We have already seen a brief prologue about islands being distrupted by a baby island in their midst before equilibrium reigns, as Ada pours water between three cups and tells us about Hunga Tonga’s birth and obliteration.
Laura is the upbeat one on the surface. A cop who is practical, caring, and positive, she contrasts with Ada’s peevish worrying before both find the waiting and the sterile atmosphere make them needle each other and pick at scabs which may have healed.
There are moments where both characters have a chance to confess to the audience about their relationship and their deepest feelings. The Island is a play of intensity, love, and contradiction, directed with care by Jessica Lazar.

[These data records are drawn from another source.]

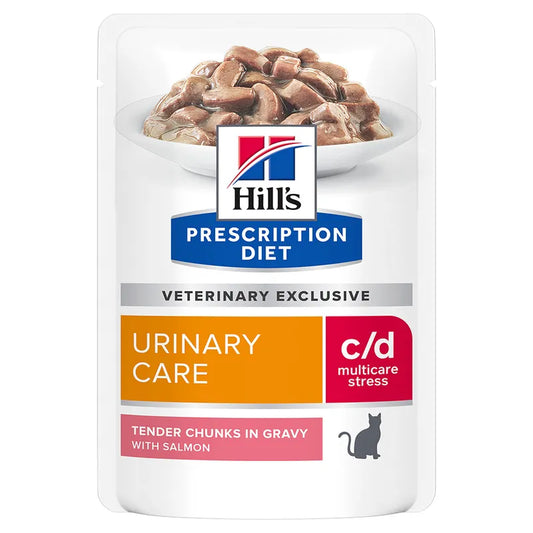 Hills Prescription Diet urinary care cat food pouch with salmon flavor on a white background
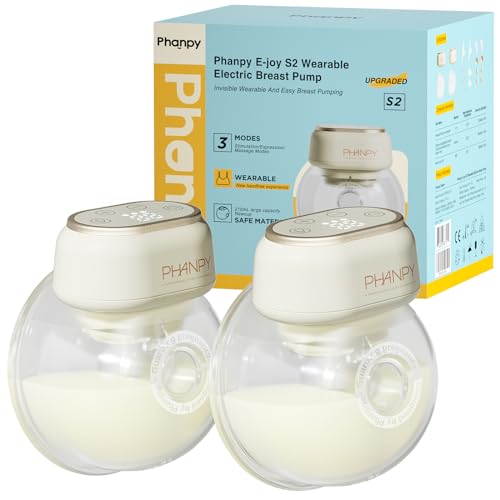 Image of Phanpy E-Joy S2 Wearable Hands Free Portable Breast Pump, 3 Modes 8 Levels High Performance LED Touch Screen Low Noise, 7oz Capacity 20&24 mm(2 Counts)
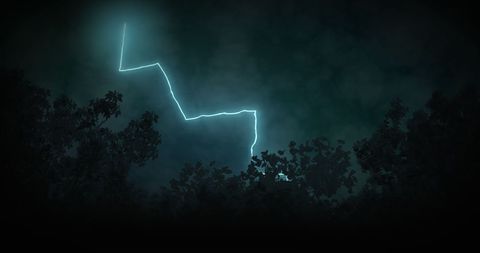 Mystical Night Storm Sky with Lightning Over Trees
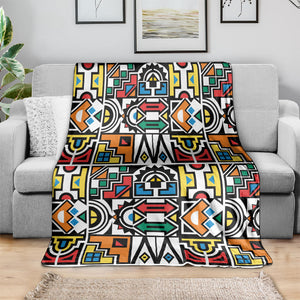 African Geometric Ndebele Patterns Blanket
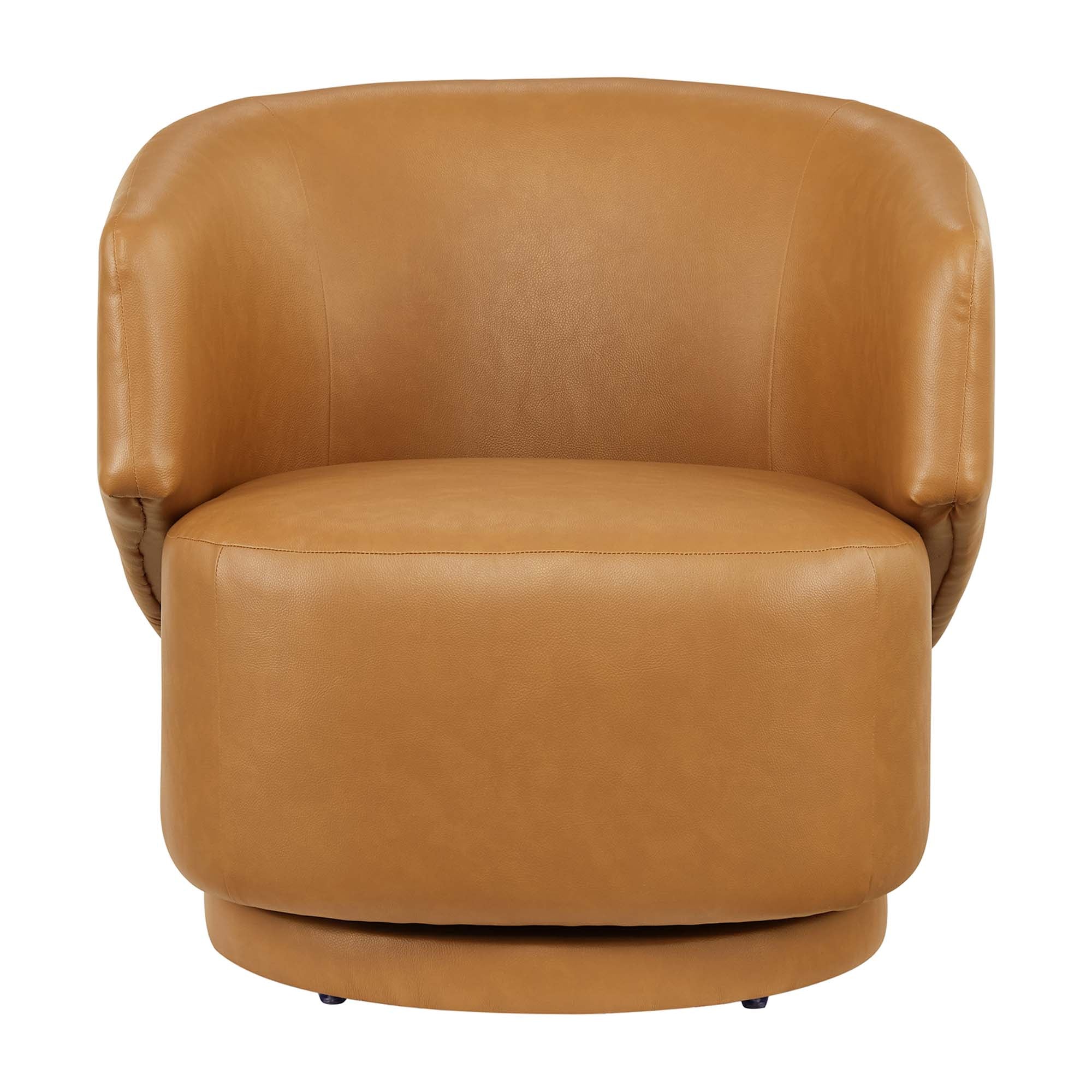 Modway Celestia Vegan Leather Fabric and Wood Swivel Chair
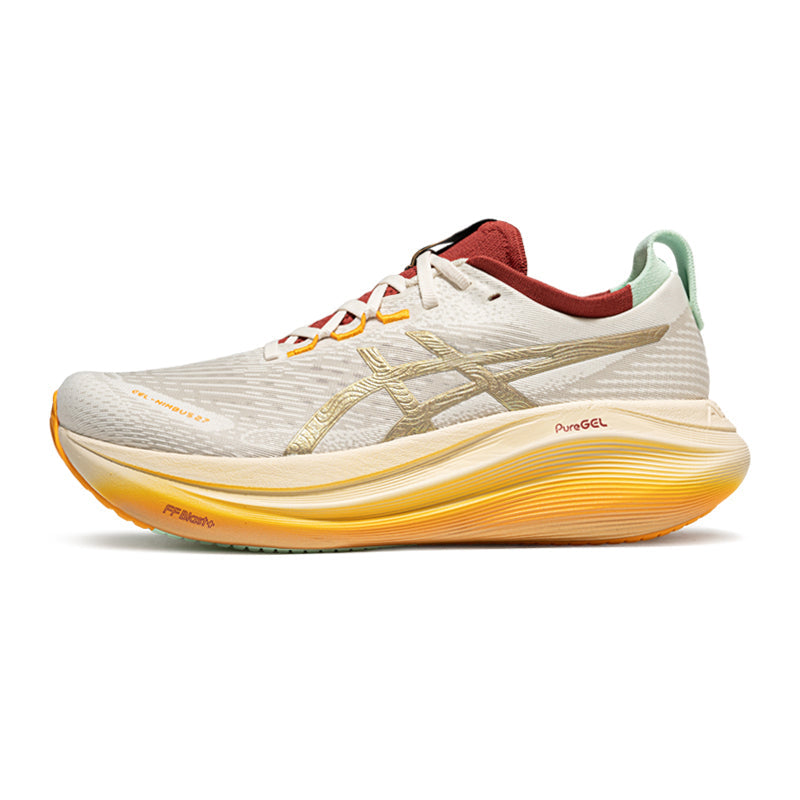 Asics womens shoes  neutral running shoes mens  sneakers Gel-Nimbus Off-White / Gold / Red / Orange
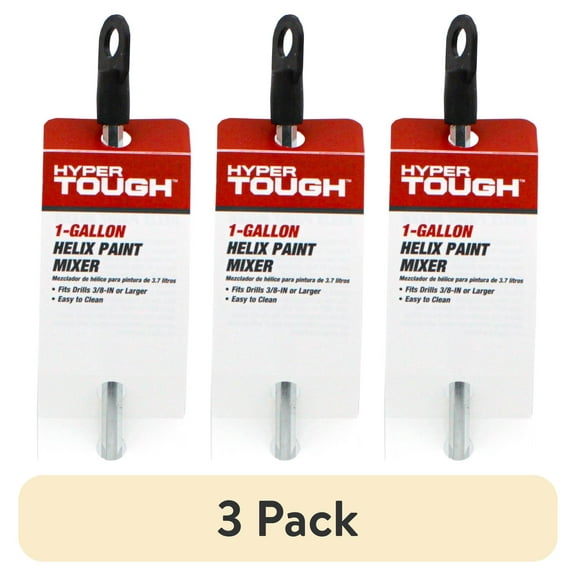 (3 pack) Hyper Tough Helix Paint Mixer for 1 Gallon Containers, 11.5in. x 2.63in., Steel Hex Shaft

Questions are asked and left unanswered – Ada, the teacher, prays, Laura, the pragmatic, pauses, both wrestle with their guilt at longing for a child but secretly hoping for freedom. Samuel, although loved and “special” needs constant attention and will never speak, enjoy a story, or cuddle.
The Island, written by Juan Carlos Rubio and presented in Tim Gutteridge’s translation, captures the shorthand of a long relationship while being realistic about the small moments of coffee spills, phone texts, and bad jokes.
Under the harsh fluorescent lights of the waiting room, Rebecca Crankshaw’s Ada and Rebecca Banatvala’s Laura are fully-formed creations who take us on their journey and eventual resolution. Both actors impress in a script that twists and turns.
Sorcha Corcoran’s set suggests sterility, sex, blood, lava, and anguish in its red plastic rectangle, enhanced by light flickers and mist. This is a raw, tense, and honest piece that surprises even if you know the basic premise.